The HAMEL design concerned a flexible pipe constructed out of mild steel, at 3-½ inches in diameter. Lengths of the pipe were produced in 40-foot segments which would then be resistance welded together to create a longer flexible pipeline that could be laid on the seafloor. The steel-based pipe was stiffer than the cable-like HAIS, which caused an issue—it couldn’t readily be coiled up in a ship’s hold. Instead, giant floating drums were constructed at some 40 feet in diameter, nicknamed “Conundrums.” These were to be towed by tugs or hauled by barges to lay the pipeline across the Channel. Testing took place by laying pipelines to the Isle of Wight, which proved the concept was viable for deployment.

Beyond the two types of pipeline, a great deal of work went into the supporting infrastructure for the project. War planners had to build pumping stations to feed the pipelines, as well as ensure that they could in turn be fed fresh fuel from the UK’s network of fuel storage facilities and refineries. All this had to be done with a certain level of camouflage, lest German aircraft destroy the coastal pumping stations prior to the British invasion of the continent. Two main stations at Sandown and Dungeness were selected, and were intended to be connected via undersea pipe to the French ports of Cherbourg and Ambleteuse, respectively. The Sandown-Cherbourg link was to be named Bambi, while the Dungeness-Ambleteuse link would be named Dumbo, referencing further Disney properties since the overall project was called Pluto.

The Big Dance

On D-Day, the initial landings and immediate securing of the beachhead would run on pre-packaged fuel supplies in jerry cans and drums. The pipelines were intended to come later, ensuring that the Allied forces had the fuel supplies to push deep into Europe as they forced back the German lines. It would take some time to lay the pipelines, and the work could only realistically begin once the initial ports were secure.

A map indicating the Bambi and Dumbo pipelines between England and France. Notably, the Dumbo pipelines were run to Boulogne instead of the original plan of Ambleteuse. Credit: public domain

Bambi was intended to go into operation just 75 days after D-Day, assuming that Allied forces had managed to capture the port of Cherbourg within eight days of the landings. This process instead took 21 days due to the vagaries of war. Efforts to lay a HAIS pipeline began as soon as 12 August 1944, just 67 days after D-Day, only to fail due to an anchor strike by an escort destroyer. The second effort days later was scuppered when the piping was wound up in the propeller of a supporting craft. A HAMEL pipelaying effort on 27 August would also fail thanks to barnacles jamming the massive Conundrum from rotating, and while cleaning efforts freed it up, the pipeline eventually broke after just 29 nautical miles of the 65 nautical mile journey.

It wasn’t until 22 September that a HAIS cable was successfully installed across the Channel, and began delivering 56,000 imperial gallons a day. A HAMEL pipe was then completed on the 29 September. However, both pipes would fail just days later on October 3 as pressure was increased to up the rate of fuel delivery, and the Bambi effort was cancelled. Despite the great efforts of all involved, the pipelines had delivered just 935,000 imperial gallons, or 3,300 long tons of fuel—a drop in the ocean relative to what the war effort required.

A Conundrum pictured as it was towed to Cherbourg to lay a HAMEL pipeline as part of Operation Bambi. Credit: public domain

Dumbo would prove more successful, perhaps with little surprise that the distances involved were shorter. The first HAIS pipeline was completed and operational by 26 October. The pipeline was redirected from Dungeness to Boulogne instead of the original plan to go to Ambleteuse thanks to heavy mining by the Germans, and covered a distance of 23 nautical miles. More HAIS and HAMEL pipelines followed, and the pipeline would later be extended to Calais to use its rail links for delivery further inland.

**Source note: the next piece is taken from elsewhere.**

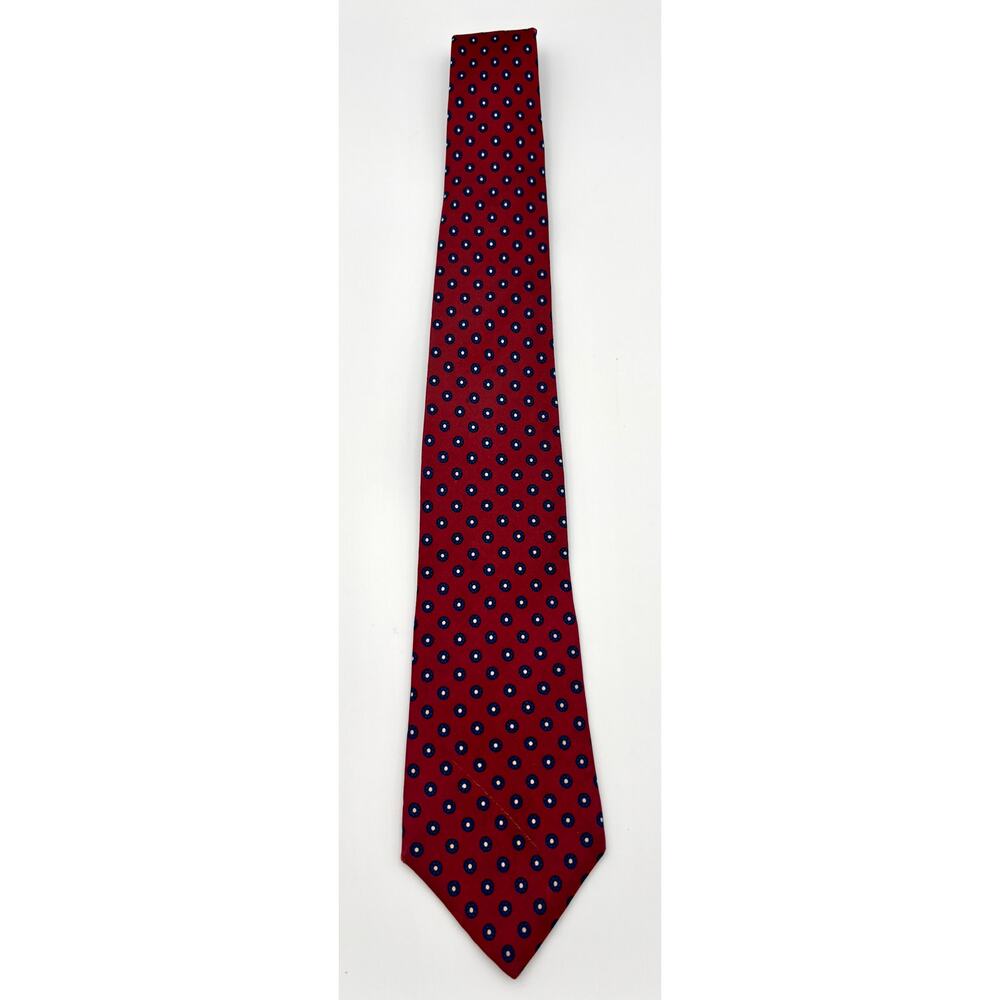 Saks Fifth Avenue Silk Tie Red Blue Neat Medallion Geometric Classic Mens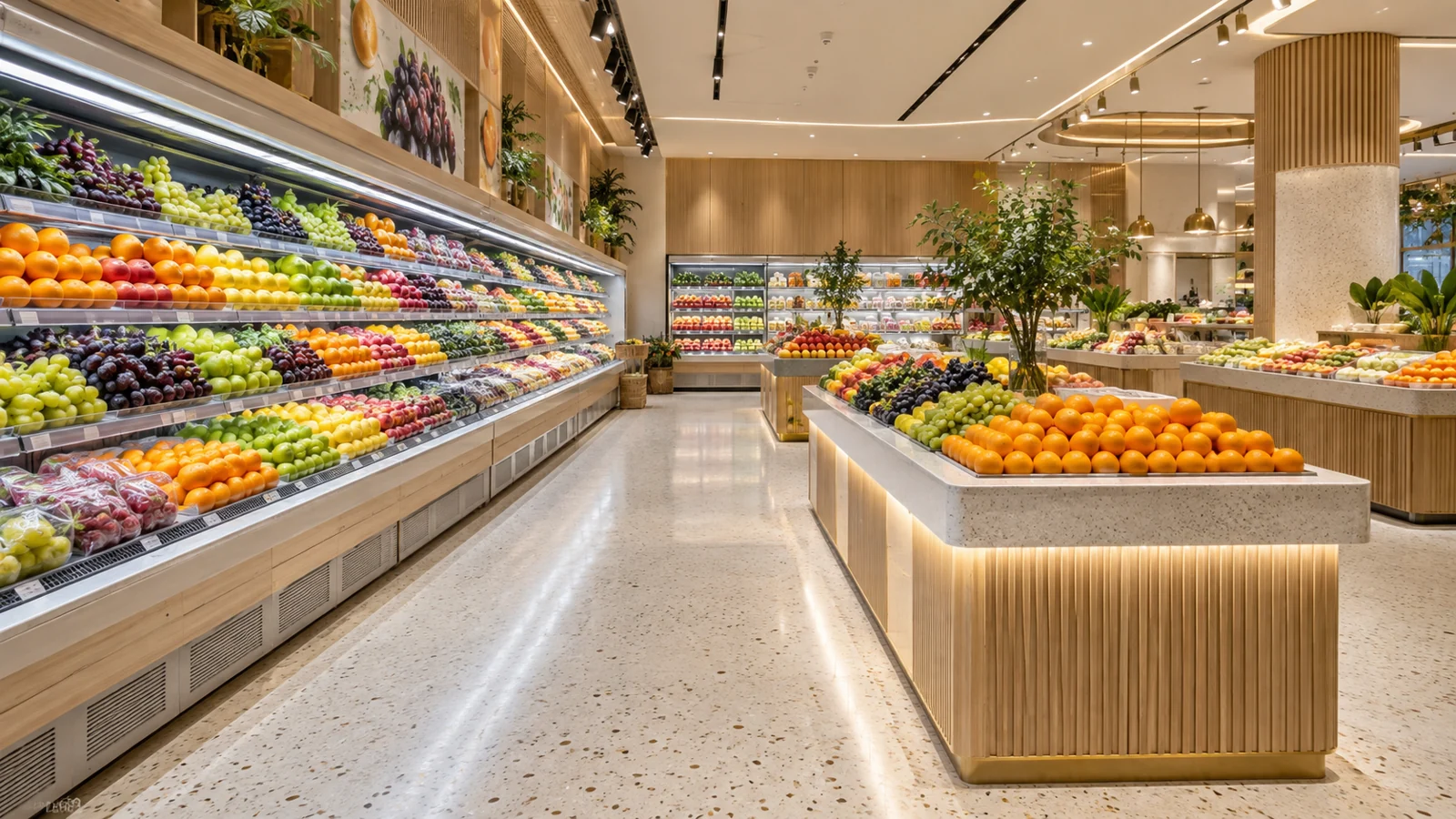 水果专营店：色彩与货位有序展示应用方案示意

A total of 17 pipelines were eventually laid between the two coasts by the end of 1944. They could deliver up to 1,300 long tons of fuel per day—soon eclipsing the Bambi efforts many times over. The HAMEL pipelines proved somewhat unreliable, but the HAIS cable-like pipes held up well and none broke during their use until the end of the war in Europe. The pipelines stuck to supplying petrol, while initial plans to deliver other fuels such as high-octane aviation spirit were discarded.

Once a key piece of war infrastructure, now a small part of a thrilling minigolf course. Credit: Paul Coueslant, CC BY-SA 2.0

Overall, Operation Pluto would deliver 370,000 long tons of fuel to support Allied forces, or about 8 percent of the total. The rest was largely delivered by oceangoing tankers, with some additional highly-expensive aerial delivery operations used when logistical lines were stretched to their very limits. Bulk fuel delivery by undersea pipeline had been proven possible, but perhaps not decisively important when it came to wartime logistics.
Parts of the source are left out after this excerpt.